Note: We know from the previous lecture that LPM estimates directly gives us the marginal effects – the coefficients (at least theoretically) are interpreted as the effect of marginal changes in \(X\)s on \(y\). LPM estimates are straight forward and easy to interpret as most often we are concerned with marginal effects from a policy standpoint. However, the coefficients pertaining to logistic regression are not marginal effects. This will be clearer as we proceed.

We looked at the Linear Probability Model (LPM) in the previous lecture – the estimates from a properly specified model were close to the true parameters. What if we have to estimate probability of someone being in good health? In this case, LPM does not gurantee that the probabilities are restricted between 0 and 1.

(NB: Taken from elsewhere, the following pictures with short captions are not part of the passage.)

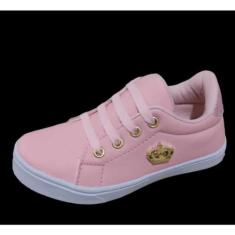 C700 Tênis Menina Macio Leve Super Confortável - kayttoHappy, Branco c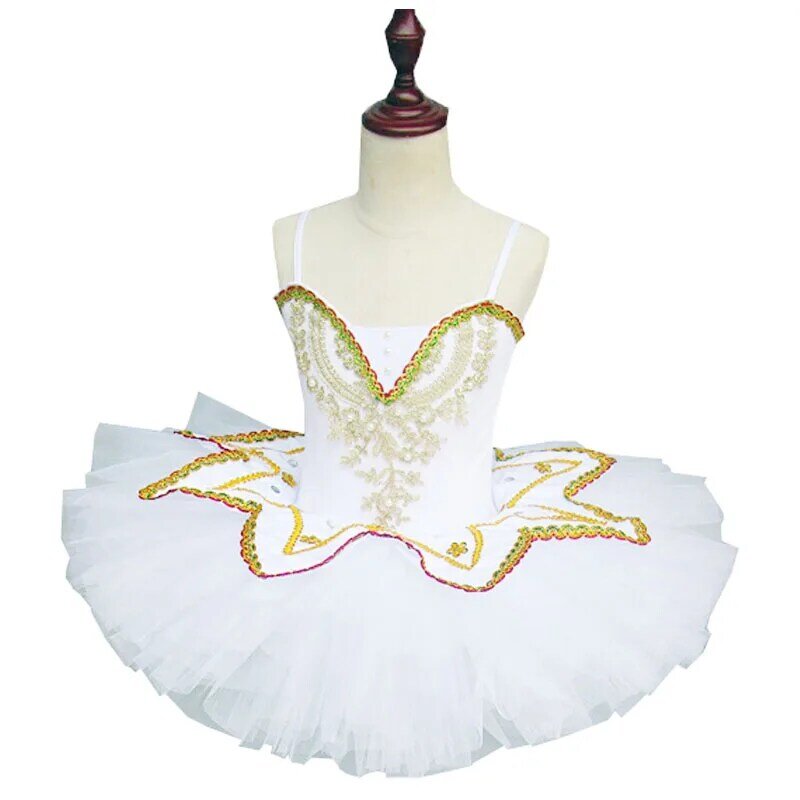 Costume da Tutu di balletto professionale lago dei cigni bianchi vestito da Ballerina per bambini vestito da balletto per bambini vestito da ballo per ragazza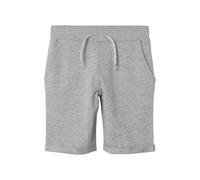 Name It Nkmvermo Long Swe Shorts Unb F Noos, Pantaloncini Bambini e ragazzi, Grigio (Grey Melange), 98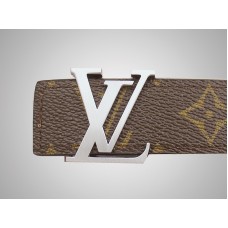 Pasek Louis Vuitton z monogramem inicjałowym i srebrną klamrą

Logistic regression is a tool that is used to model binary outcome and used for classification purposes. It uses a logistic function to restrict probabilities between values of 0 and 1. So how does it work?

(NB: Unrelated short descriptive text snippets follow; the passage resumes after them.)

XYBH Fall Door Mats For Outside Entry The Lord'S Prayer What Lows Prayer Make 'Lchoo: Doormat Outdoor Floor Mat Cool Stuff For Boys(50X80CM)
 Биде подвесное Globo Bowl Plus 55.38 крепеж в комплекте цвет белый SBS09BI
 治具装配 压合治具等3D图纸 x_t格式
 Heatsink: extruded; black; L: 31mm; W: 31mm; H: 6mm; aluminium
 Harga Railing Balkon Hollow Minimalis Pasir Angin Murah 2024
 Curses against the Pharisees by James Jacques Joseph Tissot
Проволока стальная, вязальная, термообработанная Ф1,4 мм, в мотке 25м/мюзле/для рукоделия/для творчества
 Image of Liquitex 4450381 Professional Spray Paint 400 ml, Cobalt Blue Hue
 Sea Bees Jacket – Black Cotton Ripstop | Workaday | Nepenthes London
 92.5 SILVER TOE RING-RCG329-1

Essentially, the primary goal here is to predict probabilities of a binary event. The true probability is written as a function of \(\theta\) and \(X\): \[ p = h_\theta(X) = \sigma(\theta X) \]

\(\theta\) is a vector of true parameters – they govern the DGP, and probabilites are the function of the true coefficients and inputs. Specifically, \(\sigma(.)\) is the logistic function, defined as:

\[ \sigma(z) = \frac{1}{(1 + exp(-z))} \]

This \(\sigma(.)\) is also known as the sigmoid function and \(z=\theta X\) is often known as the logit. The logit is a linear combination of \(\theta\) and \(X\). By nature of the logistic function, the output is restricted between 0 and 1.
To see the logistic function closely, let’s take a look at the following graph.


# import necessary libraries
import numpy as np    
import pandas as pd
import matplotlib.pyplot as plt

from sklearn.linear_model import LinearRegression
from sklearn.linear_model import LogisticRegression
from sklearn.preprocessing import add_dummy_feature

from pathlib import Path

# generate numbers from -5 to 5
z = np.linspace(-5, 5, 1000)
print(z[0:20])
# compute logistic values (note that these are probabilities)
sigma_z = 1/(1 + np.exp(-z))

plt.figure(figsize=(8, 5))
plt.plot(z, sigma_z)
plt.xlabel('z')
plt.title('A sigmoid function')
plt.ylabel('probability')
plt.show()

[-5.         -4.98998999 -4.97997998 -4.96996997 -4.95995996 -4.94994995
 -4.93993994 -4.92992993 -4.91991992 -4.90990991 -4.8998999  -4.88988989
 -4.87987988 -4.86986987 -4.85985986 -4.84984985 -4.83983984 -4.82982983
 -4.81981982 -4.80980981]

png

Note that the logistic function is S-shaped – negative logit (z) values will have probabilities less than 0.5, whereas the positive z values will have probablities greater than 0.5. Also, probabilities on the vertical axis are constrained between 0 and 1, as they should be.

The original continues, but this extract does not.